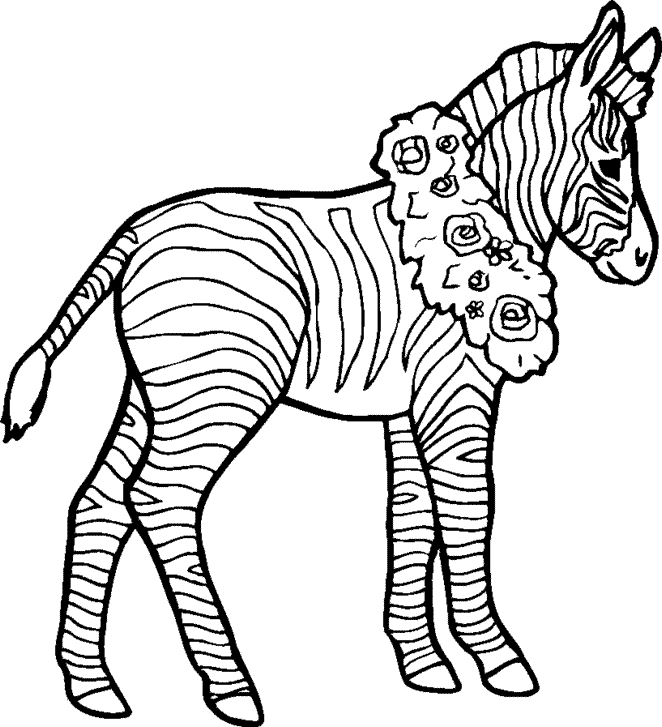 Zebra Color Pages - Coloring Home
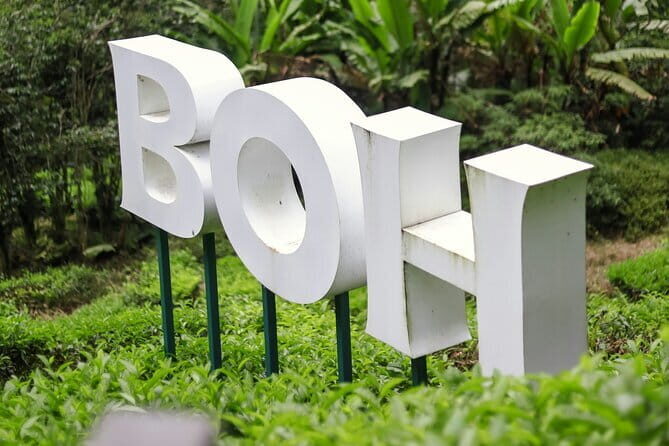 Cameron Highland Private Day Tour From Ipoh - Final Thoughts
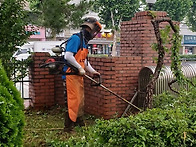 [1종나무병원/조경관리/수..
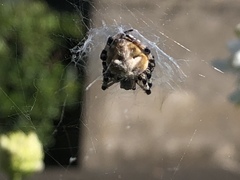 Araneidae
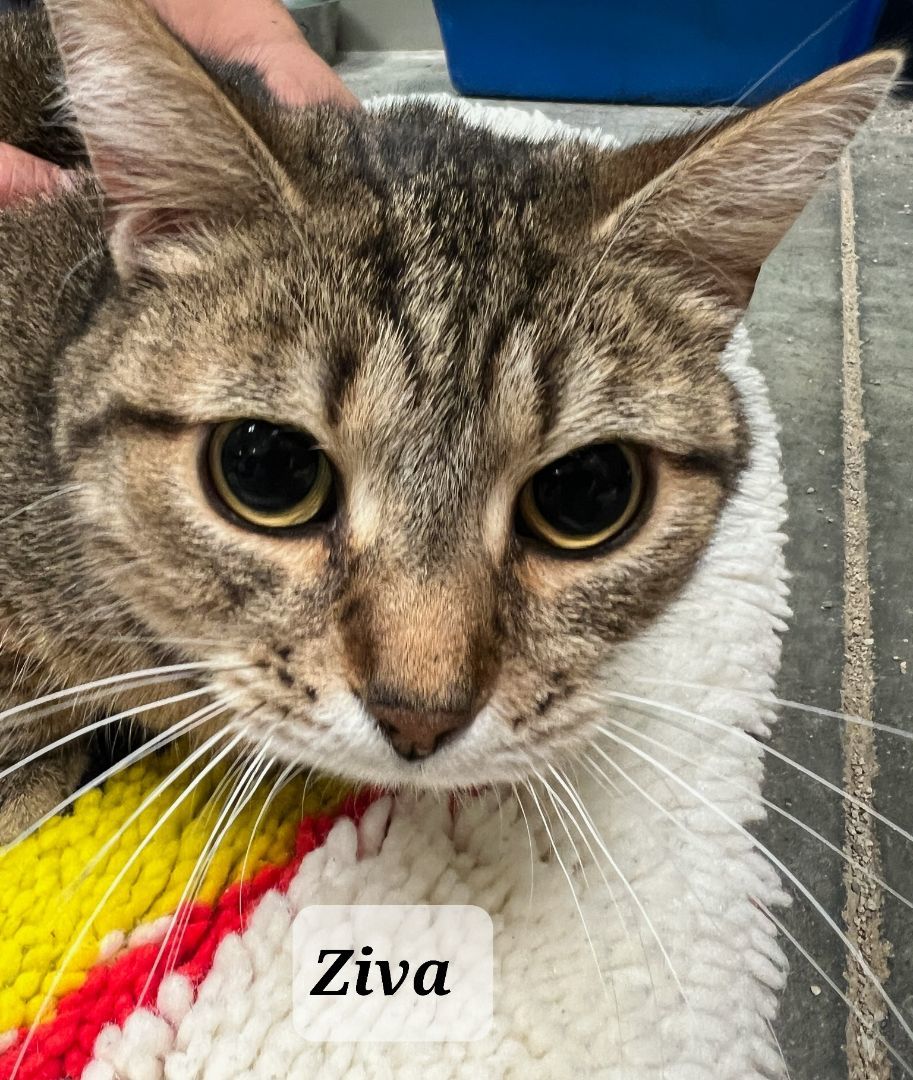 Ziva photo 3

============

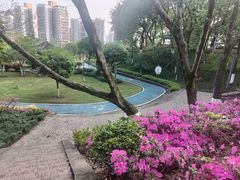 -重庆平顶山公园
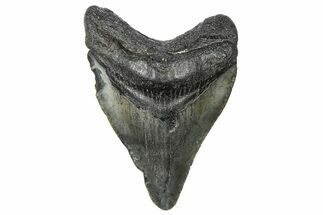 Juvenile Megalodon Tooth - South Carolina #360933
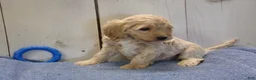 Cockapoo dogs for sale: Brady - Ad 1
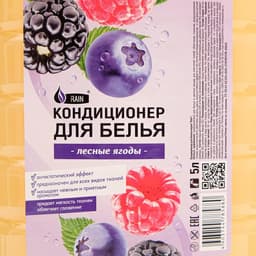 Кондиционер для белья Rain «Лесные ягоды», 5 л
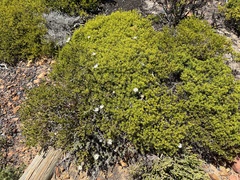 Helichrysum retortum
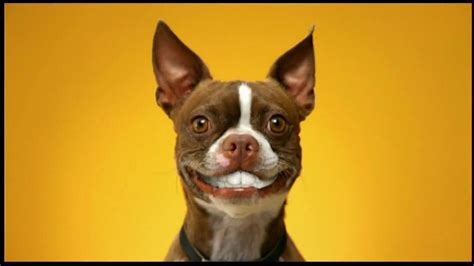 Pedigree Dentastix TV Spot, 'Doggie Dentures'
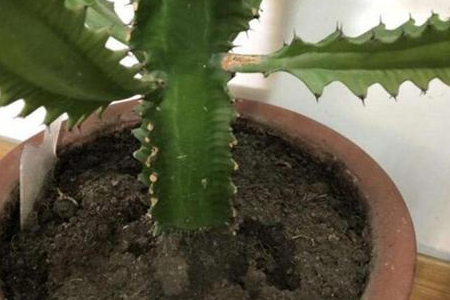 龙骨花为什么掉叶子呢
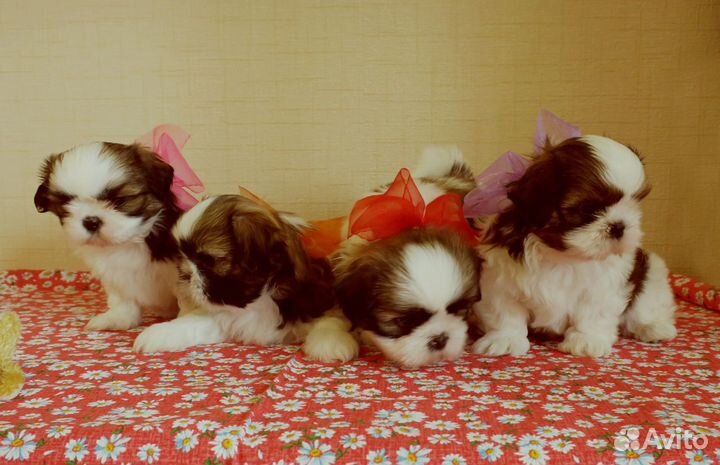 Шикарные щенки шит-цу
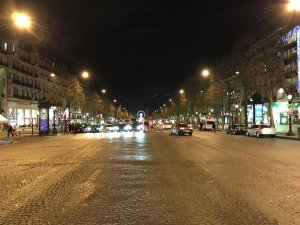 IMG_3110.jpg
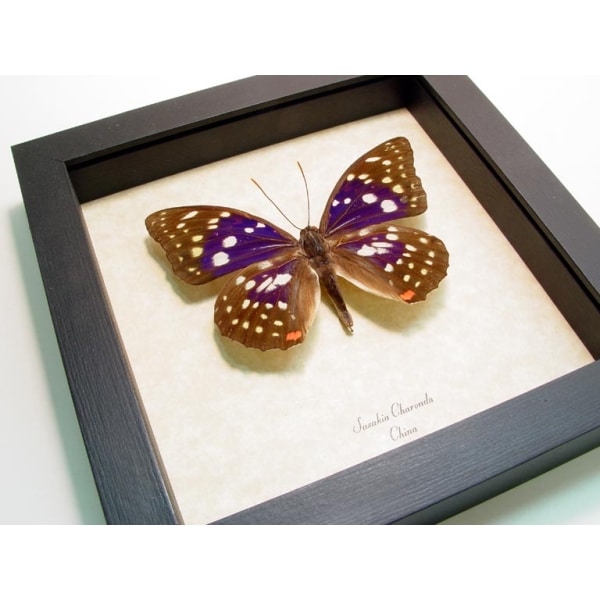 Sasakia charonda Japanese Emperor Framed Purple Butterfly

============

TASK OBJECTIVE —
With the pictures removed, print only the lines starting at the line that has "Helichrysum retortum" and ending at the line that has "Sasakia charonda Japanese", both ends included, exactly as they stand above.

SOLUTION TO THIS PROBLEM —
 Helichrysum retortum
 Pedigree Dentastix TV Spot, 'Doggie Dentures'
 龙骨花为什么掉叶子呢
 Шикарные щенки шит-цу
 IMG_3110.jpg
 Sasakia charonda Japanese Emperor Framed Purple Butterfly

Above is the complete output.